Titi mengatakan, Perludem memperhitungkan pilkada paling memungkinkan digelar setelah Juni 2021. Hal ini berdasarkan kalkulasi logis dari segi anggaran, teknis, dan lainnya.
Ketiga, lanjut Titi, perpu juga harus mengatur mekanisme penundaan, misalnya terkait pengembalian anggaran kepada negara. Ia mengatakan pengembalian ini tidak sederhana karena mungkin saja ada proses lelang pengadaan yang sudah berlangsung.
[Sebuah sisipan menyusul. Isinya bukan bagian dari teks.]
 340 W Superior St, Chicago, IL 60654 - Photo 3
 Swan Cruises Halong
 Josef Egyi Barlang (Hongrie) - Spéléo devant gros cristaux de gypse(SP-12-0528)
Masih terkait anggaran, Perludem juga mengusulkan agar sumber dana pilkada mendatang berasal dari Anggaran Pendapatan dan Belanja Negara (APBN), bukan bersandar dari Anggaran Pendapatan dan Belanja Daerah (APBD). Namun, dukungan APBD pun masih dimungkinkan untuk optimalisasi pelaksanaan pilkada.
Titi beralasan, mekanisme penyusunan APBD tidak mudah, apalagi jika terkendala politik di daerah. "Oleh karena itu untuk membuat kebijakan satu pintu, APBN bisa menjadi sumber pilkada, tapi tidak ditutup ruang dari APBD," kata Titi.
Keempat, Titi berpendapat perpu juga bisa memuat ihwal penggabungan pilkada 2021 dan 2022 serta pilkada 2023-2024. Titi menilai hal ini bisa sekaligus mengantisipasi potensi kekacauan elektoral yang mungkin timbul jika wacana pilkada serentak 2024 jadi dilakukan.
"Penundaan ini bisa juga dimanfaatkan untuk mengatasi potensi kekacauan elektoral akibat kebijakan pilkada serentak secara nasional di November 2024," ucap Titi.
Titi mengusulkan, Pilkada 2020 yang mencakup 270 wilayah digabung dengan daerah-daerah yang masa jabatan kepala daerahnya berakhir Juli 2022. Menurut catatan Perludem, setidaknya ada enam provinsi dan 49 kabupaten/kota yang pilkadanya bisa digelar bersamaan.
Adapun daerah yang akhir masa jabatan kepala daerahnya setelah Juli 2022 hingga 2024, Titi mengusulkan agar pilkada digelar setelah pertengahan 2022 atau paling lambat awal 2023.
"Ini relevan masuk perpu karena bisa mengatasi situasi genting kalau kita paksakan 2024. Dengan skenario ini lebih efektif, juga bisa menghindari potensi bencana politik 2024," kata dia.
Titi pun mengingatkan agar penyelenggara pemilu yaitu Komisi Pemilihan Umum (KPU) dan Badan Pengawas Pemilu (Bawaslu) perlu proaktif ikut memikirkan materi perpu. Sebab, dua lembaga itu yang paling terdampak dari isi perpu penundaan pilkada tersebut.
Titi mengatakan perpu penundaan pilkada ini dibutuhkan dalam kondisi kegentingan wabah corona. Maka dari itu, ia menilai sebaiknya tak terlalu banyak yang hendak diatur lewat perpu, melainkan hal yang mendesak saja. "Karena kemendesakan dan kegentingan, tidak boleh lama dan berlarut-larut, maka ekspektasi soal substansi itu kita harus batasi secara logis," ucap Titi.